Nuestro hombre empezó a pensar qué nombre pondría a su caballo, y al cabo de cuatro días vino a llamarle Rocinante, nombre, a su parecer, alto, sonoro y muy significativo de todo lo que él creía.
Puesto nombre al caballo pensó un nombre para él, y estuvo unos ocho días pensándolo. Y al fin se vino a llamar don Quijote de la Mancha. Ahora solo le faltaba buscar una dama de quien enamorarse. Y después de mucho pensar, recordó que en un lugar no cerca del suyo había una moza labradora de muy buen parecer, de quien él en un tiempo estuvo enamorado, aunque ella jamás lo supo. Esta mujer se llamaba Aldonza Lorenzo. Le buscó un nombre apropiado que sonase a princesa y gran señora y vino a llamarla Dulcinea del Toboso, nombre músico y peregrino y muy significativo.
Hechas todas estas prevenciones, una mañana del mes de julio subió sobre Rocinante, tomó su lanza y por la puerta falsa de un corral salió al campo. Pero de pronto le asaltó una terrible duda que estuvo a punto de hacerle desistir de su empeño: no estaba armado caballero. Pero luego pensó que podría ser armado caballero durante el camino según él había leído en sus libros.

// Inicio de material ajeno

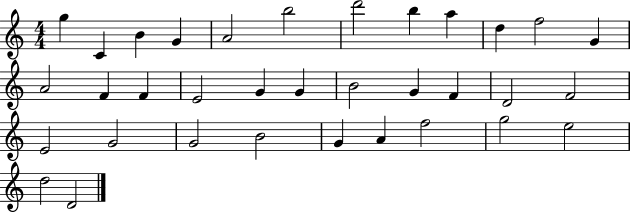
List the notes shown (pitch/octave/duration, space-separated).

G5/q C4/q B4/q G4/q A4/h B5/h D6/h B5/q A5/q D5/q F5/h G4/q A4/h F4/q F4/q E4/h G4/q G4/q B4/h G4/q F4/q D4/h F4/h E4/h G4/h G4/h B4/h G4/q A4/q F5/h G5/h E5/h D5/h D4/h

Iba caminando nuestro flamante aventurero y hablando consigo mismo: «¡Dichosa edad y siglo dichoso aquel en que saldrán a la luz las famosas hazañas mías, dignas de esculpirse en mármoles y pintarse en tablas, para memoria en lo futuro! Compadeceos, señora Dulcinea, de este vuestro rendido corazón que tantas penas por vuestro amor padece».
Anduvo todo aquel día sin que le ocurriese cosa digna de mención. De pronto vio, no lejos del camino por donde iba, una venta que fue como si viera una estrella. Se dio prisa y llegó a ella al tiempo que anochecía.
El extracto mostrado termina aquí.